Beh, se escludiamo il “trascurabile” fatto che
Mikael Erlandsson è un personaggio meno
cool dei fratelli
Gallagher, altre plausibili motivazioni non se ne vedono.
Anche la solare “
Call my name” si rivolge apertamente ai
sixties, mentre con “
Ricochet” il clima sonoro dell’opera si trasferisce dalle parti della metà degli anni ottanta, quando un
ragazzone del New Jersey di nome
John Francis Bongiovi Jr. con alcuni amici dominava le classifiche di mezzo mondo.
Sulla scia dell’affabile e caleidoscopico
sound dei
Fab Four si collocano pure le delicate ballate “
Paper moon” e “
C'est la vie”, e le briose “
Circus” e “
Put some love In the world”, tracce che sfruttano schemi stilistici molto popolari con un certo equilibrio, apparendo piacevolmente adescanti.
Gli influssi latini di “
Flamenco in the snow” e “
Bug” (brano che potrebbe tranquillamente appartenere al repertorio di una
boy-band …) accentuano ulteriormente le velleità “mainstream” di “
The second 1” e sebbene il tutto sia gestito con la classe e le abilità tecniche di un eccellente interprete, sinceramente preferisco quando tali prerogative vengono messe al servizio di un
songwriting maggiormente vivace, come accade nelle brillanti stratificazioni armoniche di “
Knocking on a broken heart” e nelle cadenze a
nthemiche e vagamente Styx-
iane di “
Geronimo”, in cui la sintesi tra
pop e
rock appare maggiormente curata e, soprattutto, “matura”.

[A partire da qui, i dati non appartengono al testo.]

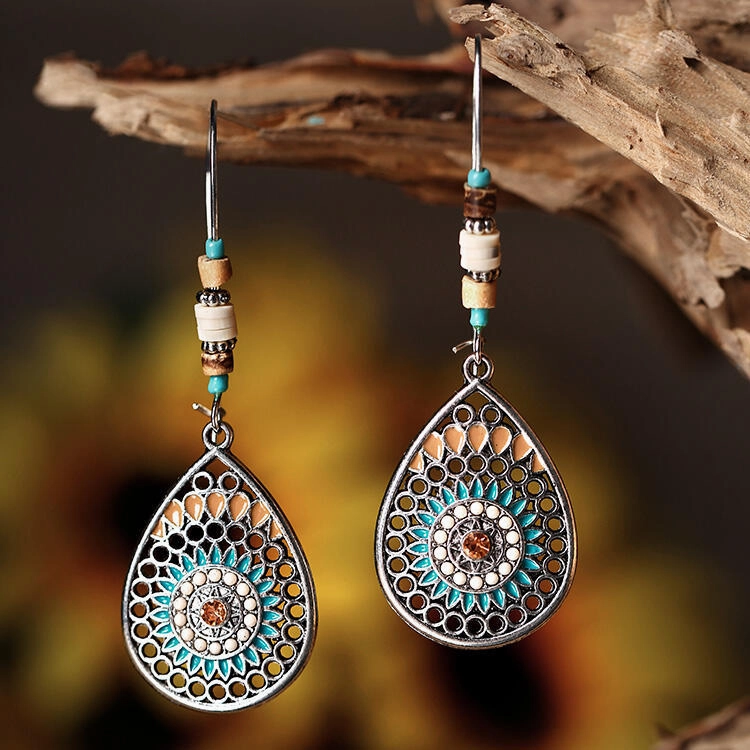 Wholesale Bohemian Hollowed-out Drops Alloy Earrings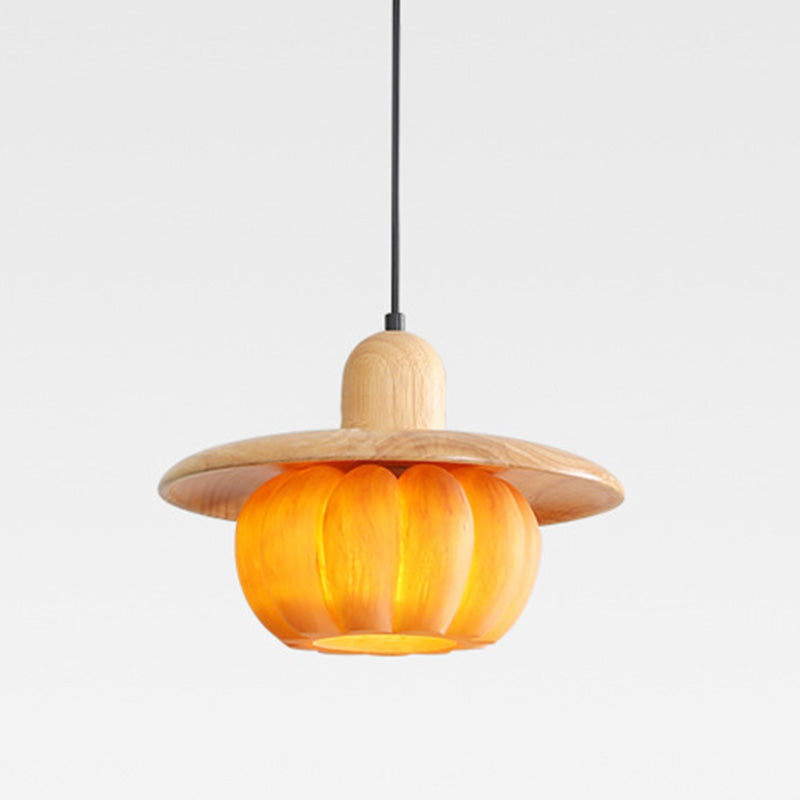 Traditional Japanese Wood Resin Pumpkin Round 1-Light Pendant Light For Kitchen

Pur potenzialmente idoneo alla conquista di un pubblico piuttosto ampio ed eterogeneo, dubito fortemente che “
The second 1” possa essere benaccolto al di fuori della cerchia dei fedeli (e “facoltosi”, vista l’iperattività del loro beniamino) estimatori di
Mikael Erlandsson, gli unici che verosimilmente potranno ammirarne le spiccate doti espressive anche in un contesto così “commerciale” … ciò detto, spero vivamente di essere smentito, accogliendo la circostanza come un incoraggiante segno che si è ancora in grado di apprezzare diffusamente la “musica leggera” di qualità.